WHAT IS BEING ASKED: Extract the stretch of lines that starts at the line with "950 Main Street Wayne ME 04284" and ends at the last line of the data below. Give it exactly, without pictures.

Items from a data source
┄┄┄┄┄┄┄┄┄┄

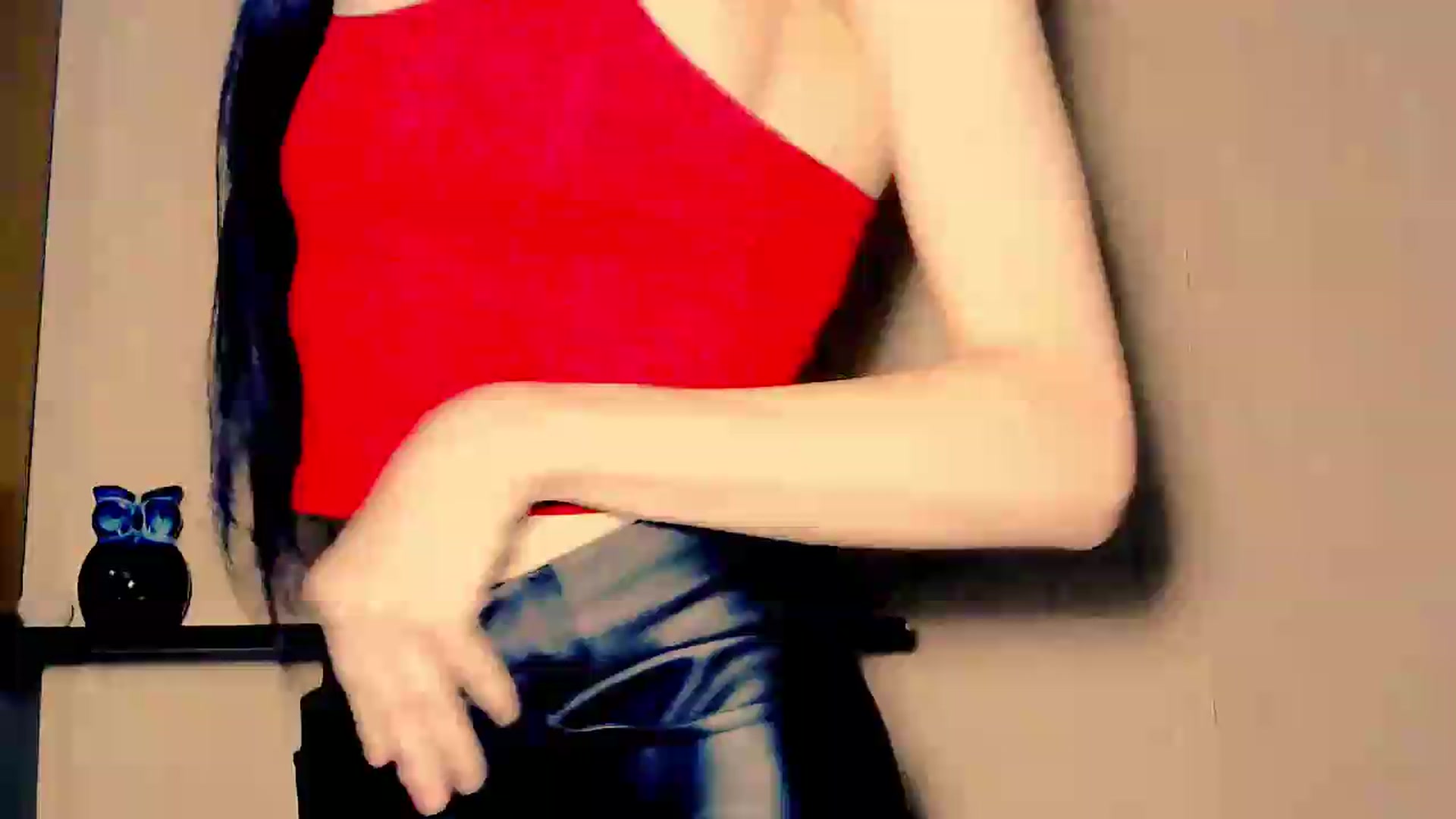 Gallery image thumbnail from Frioninny's myfreecams stream on, 05/22/2026, 19:24 image 20 of 20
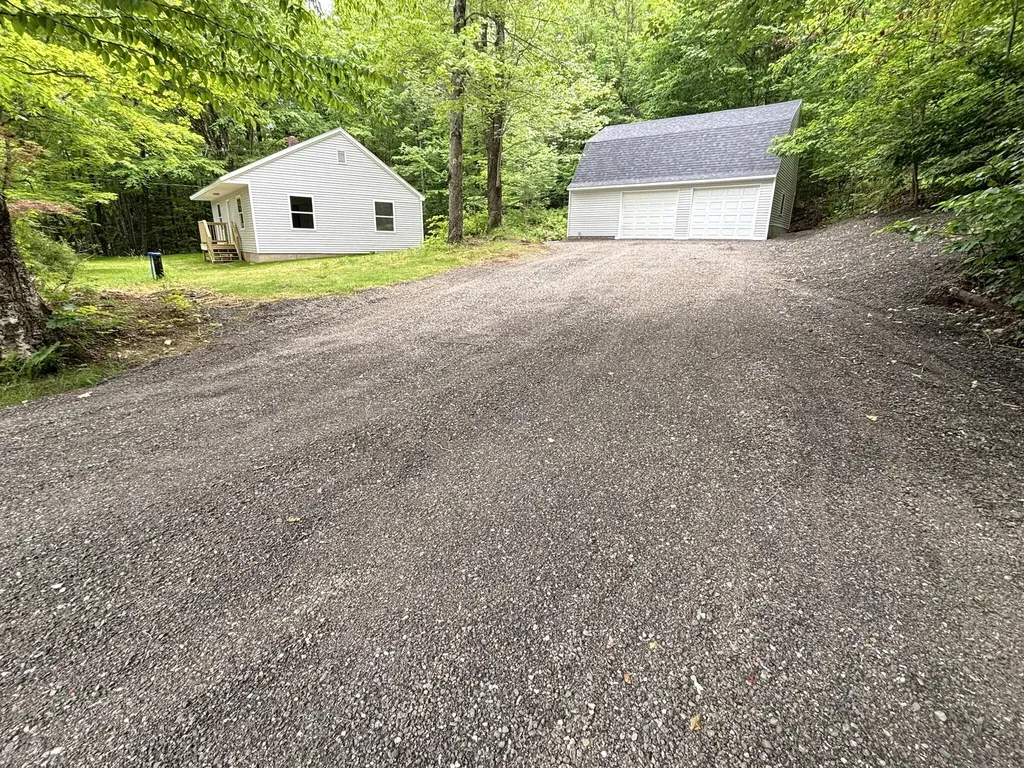 950 Main Street Wayne ME 04284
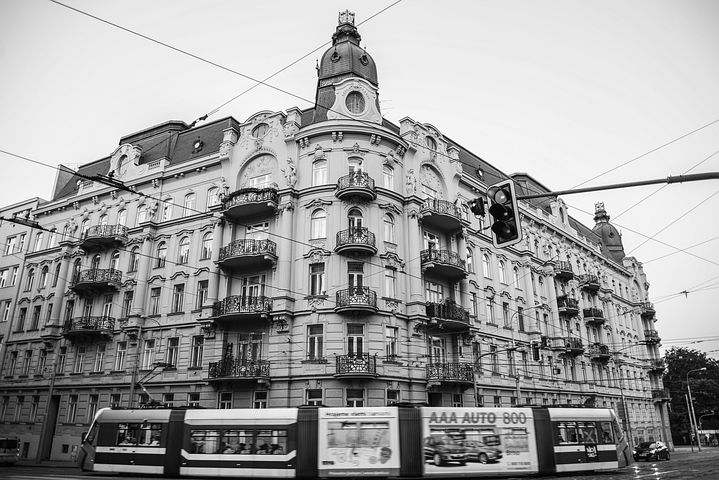 Nájemné v opravených obecních bytech se zvyšuje, některé domy město prodá soukromníkům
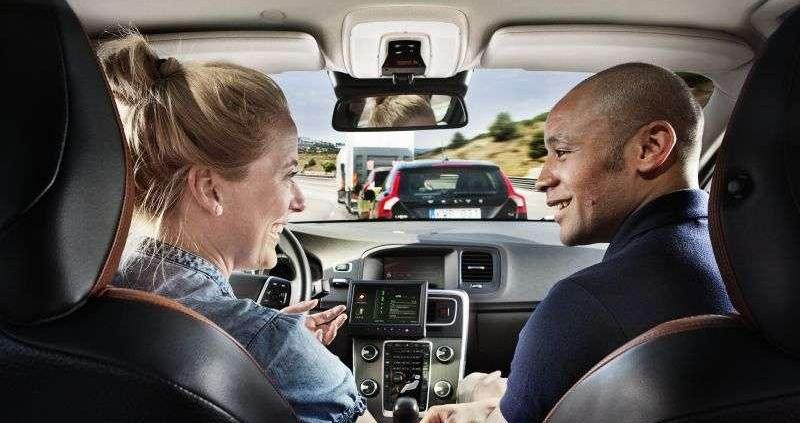 Jedziesz autem, czy ... pociągiem?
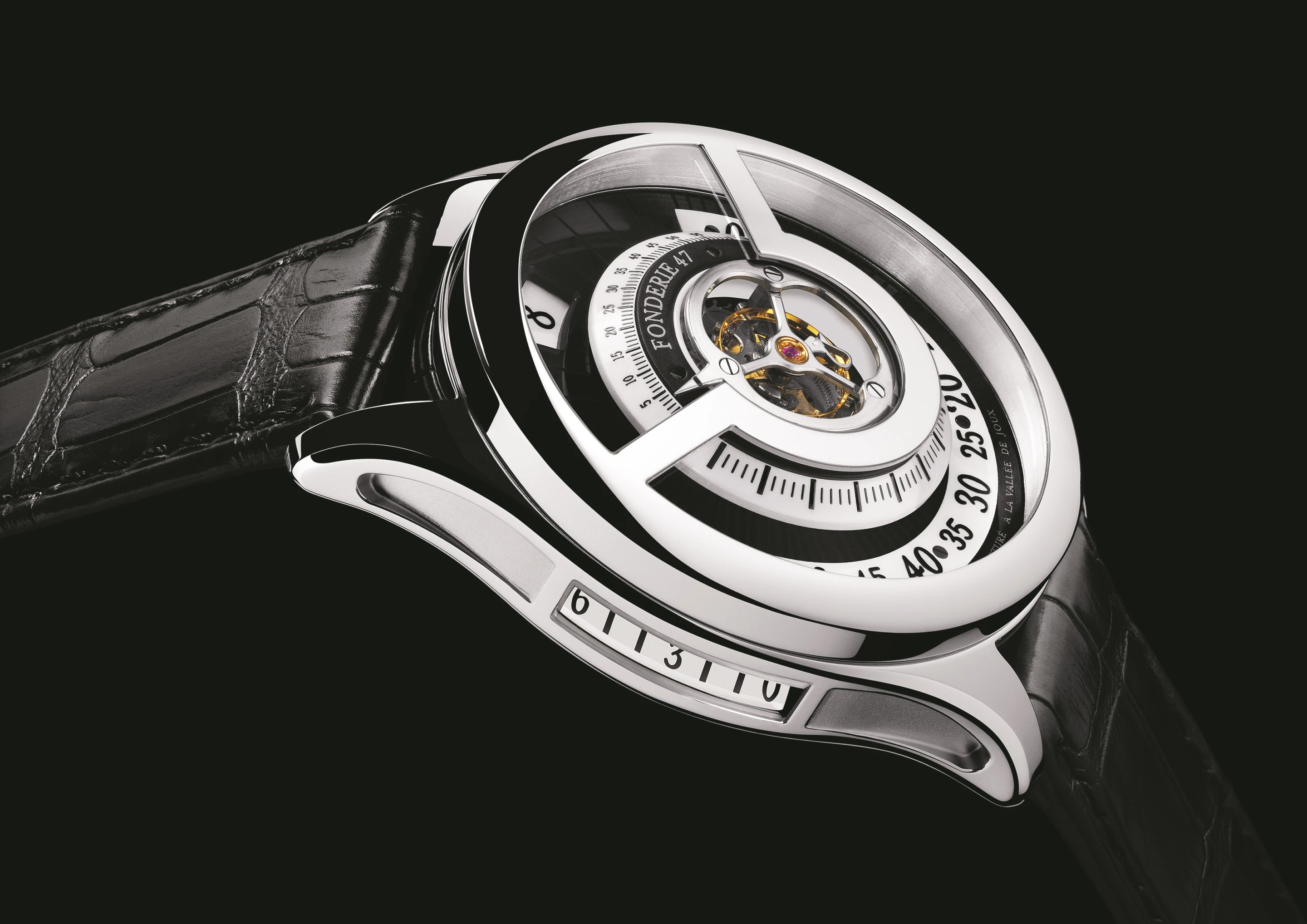The Fonderie 47 Inversion Principle has a six-day power reserve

┄┄┄┄┄┄┄┄┄┄

TASK RESULT:
 950 Main Street Wayne ME 04284
 Nájemné v opravených obecních bytech se zvyšuje, některé domy město prodá soukromníkům
 Jedziesz autem, czy ... pociągiem?
The Fonderie 47 Inversion Principle has a six-day power reserve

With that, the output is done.